The Masterplan

Debería ser más honesta. Debería bastar con compartir un cigarro bajo la lluvia, con esa facilidad imprevista para arreglar el mundo a la que siempre recurrimos cuando nos desahogamos con los amigos.

Un cigarro y la lluvia, y la gente pasando de largo delante de nosotros en dirección desconocida; los paraguas abiertos, mojadas las puntas de los zapatos, desdibujada en los charcos la luz demasiado aguda de los semáforos, el frío hasta los huesos; todos con planes, todos con alguien a quien ver en el otro extremo de la ciudad, que se muestra reacia a aceptar las condiciones denigrantes del invierno.

Como nosotros, conformes con la promesa inmediata de un café, dispuestos a olvidar esa tarde de nuestra adolescencia que transcurrió escuchando a los grupos de moda y mirando por la ventana de la habitación partida en dos, contemplando la calle desierta con un silencio de ceremonia.

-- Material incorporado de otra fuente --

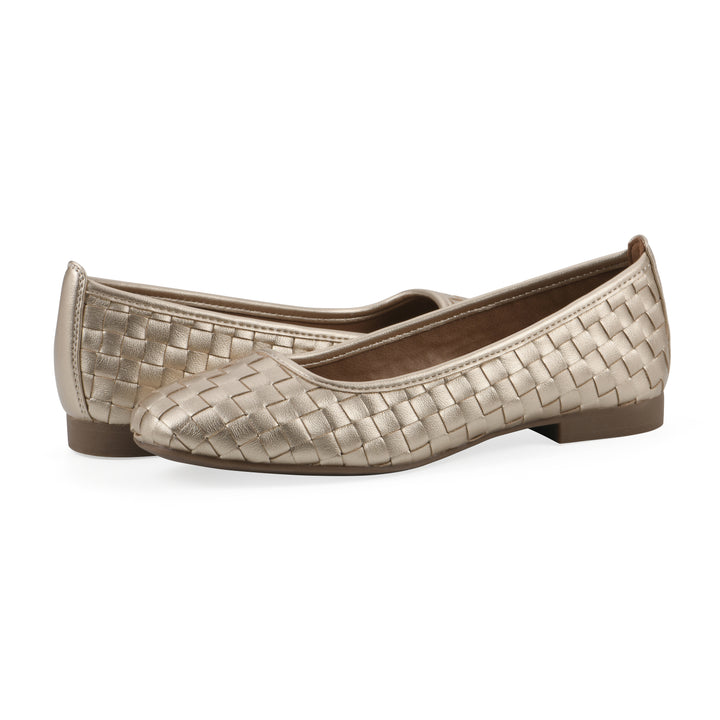 Angle view of a pair of light gold faux leather, woven pattern flats with a brown sole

No recuerdo qué pensamos entonces sobre el futuro.

Hay un telón de citas y de cañas pendientes, de horas y horas de trabajo, de alguna ilusión por la que siempre nos dan la enhorabuena con cierta envidia. Resultaría imperdonable no dar las gracias, peligroso no callarse, no guardarnos esa pena soportable que últimamente nos acompaña y sobre la que nos resistimos a tomar una decisión.

Aunque no decidir es una decisión.

No hacerlo y asistir impasible a un alud de cosas imprevistas, que se desmoronan como gigantescas bolas de nieve y pasan rozándonos, sin vernos, sin detenerse a aniquilarnos.

Porque a la muerte no le importamos nada.